RLS Likely Causes Depression and Anxiety, Not the Other Way Around
The evidence strongly suggests that RLS is the primary driver of depression and anxiety symptoms in affected patients, rather than these psychiatric conditions causing RLS. This is supported by the specific nature of depressive symptoms in RLS patients, the temporal relationship between conditions, and the distinct diagnostic criteria that separate RLS from anxiety disorders.

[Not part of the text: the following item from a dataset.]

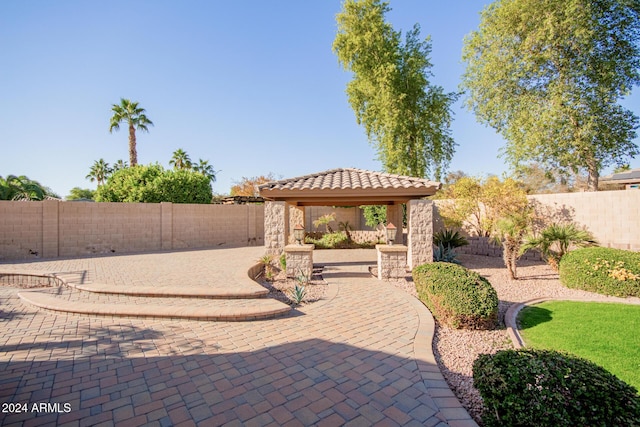 view of patio / terrace with a gazebo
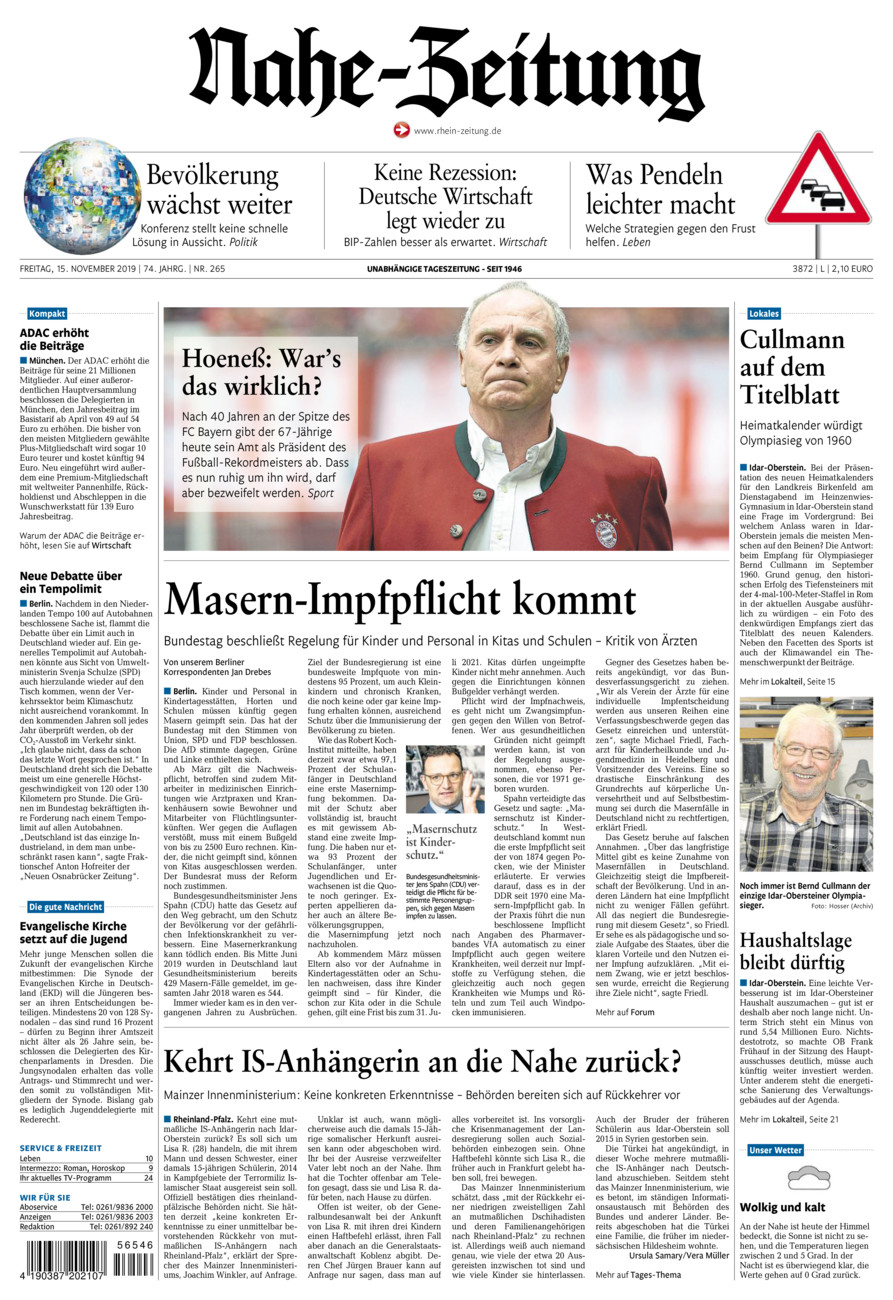 Nahe-Zeitung vom Freitag, 15.11.2019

Evidence Supporting RLS as the Primary Cause
Depressive Symptoms Are Predominantly Somatic, Not Cognitive
- RLS patients score highest on somatic items of depression scales—particularly "reduced sleep," "loss of energy," and "work difficulties"—rather than on cognitive symptoms like guilt, worthlessness, or suicidal ideation 1
- This pattern suggests that depression in RLS patients stems from the physical burden of the disease (sleep disruption, exhaustion) rather than representing a primary psychiatric disorder 1
- The mean Beck Depression Inventory score in untreated RLS patients was 9.3, with only 17% meeting criteria for even mild depression, indicating that most patients experience somatic symptoms without full depressive syndrome 1
RLS Severity Correlates with Sleep Disruption, Which Then Drives Mood Symptoms
- RLS severity correlates significantly with impaired sleep quality (r=0.281, p=0.007) but not directly with depressive symptoms (r=0.119, p=0.237) 1
- However, anxiety and depression severity do correlate with RLS severity (r=0.21, p=0.03 for anxiety; r=0.201, p=0.04 for depression) 2
- This suggests a pathway where RLS → sleep disruption → secondary mood symptoms, rather than mood disorders causing RLS 1
Temporal and Causal Attribution Evidence
- Patient causal attributions suggest that "a considerable proportion of the excess morbidity for depression and panic disorder might be due to RLS symptomatology" 3
- The onset of RLS symptoms is unrelated to the onset, duration, or number of depressive episodes, arguing against depression causing RLS 4
- RLS symptoms follow their characteristic circadian pattern (worsening in evening/night) regardless of anxiety or depression status, indicating independent pathophysiology 5
Why Anxiety Doesn't Cause RLS: Diagnostic Distinction
RLS Has Specific Sensorimotor Criteria That Anxiety Cannot Fulfill
- The International Restless Legs Study Group requires all five essential diagnostic criteria to be met, and anxiety does not fulfill these specific sensorimotor requirements 5
- RLS involves an uncomfortable urge to move the legs with abnormal sensations (dysesthesias), not the physiological somatic symptoms of anxiety like muscle tension or restlessness 5
- RLS symptoms are relieved by movement and return when movement stops, whereas anxiety-related restlessness persists despite movement 5
- RLS symptoms worsen specifically in evening/night, which is not characteristic of generalized anxiety 5
The Comorbidity Reflects Shared Consequences, Not Causation
- Meta-analysis confirms significantly higher depression (Beck Depression Inventory MD=6.58,95% CI=5.54-7.62) and anxiety (Beck Anxiety Inventory MD=9.30,95% CI=7.65-10.94) in RLS patients versus controls 6
- However, RLS patients have increased risk specifically for panic disorder (OR=4.7), generalized anxiety disorder (OR=3.5), and major depression (OR=2.6)—conditions that share sleep disruption as a common feature 3
- The American Academy of Sleep Medicine recognizes that insomnia is present in roughly 90% of RLS patients and is the primary morbidity, explaining the pathway to mood disorders 7
Clinical Implications: Treat RLS First
Avoid Psychiatric Medications That Worsen RLS
- The American Academy of Sleep Medicine recommends avoiding tricyclic antidepressants, SSRIs, lithium, and dopamine antagonists when treating comorbid anxiety/depression in RLS patients, as they exacerbate RLS symptoms 5
- This creates a therapeutic dilemma if clinicians mistakenly assume anxiety/depression is primary and prescribe these agents, which will worsen the underlying RLS and perpetuate the cycle 5
Optimize RLS Treatment to Improve Mood
- Check serum ferritin and supplement if ≤75 ng/mL or transferrin saturation <20%, as this may improve both RLS and potentially mood symptoms 5
- Use first-line alpha-2-delta ligands (gabapentin, pregabalin) for RLS, which address the root cause without worsening mood 7
- Consider non-serotonergic anxiolytics or cognitive-behavioral therapy for residual anxiety after RLS is controlled 5
Common Pitfall to Avoid
Do not assume leg restlessness in an anxious patient is "just anxiety"—perform careful diagnostic evaluation using the five essential RLS criteria, specifically asking about urge to move (not just discomfort), relief with movement, return of symptoms when movement stops, and evening/night predominance 5, 8. Missing RLS and treating only with antidepressants/anxiolytics will worsen the patient's condition and perpetuate the psychiatric symptoms 5.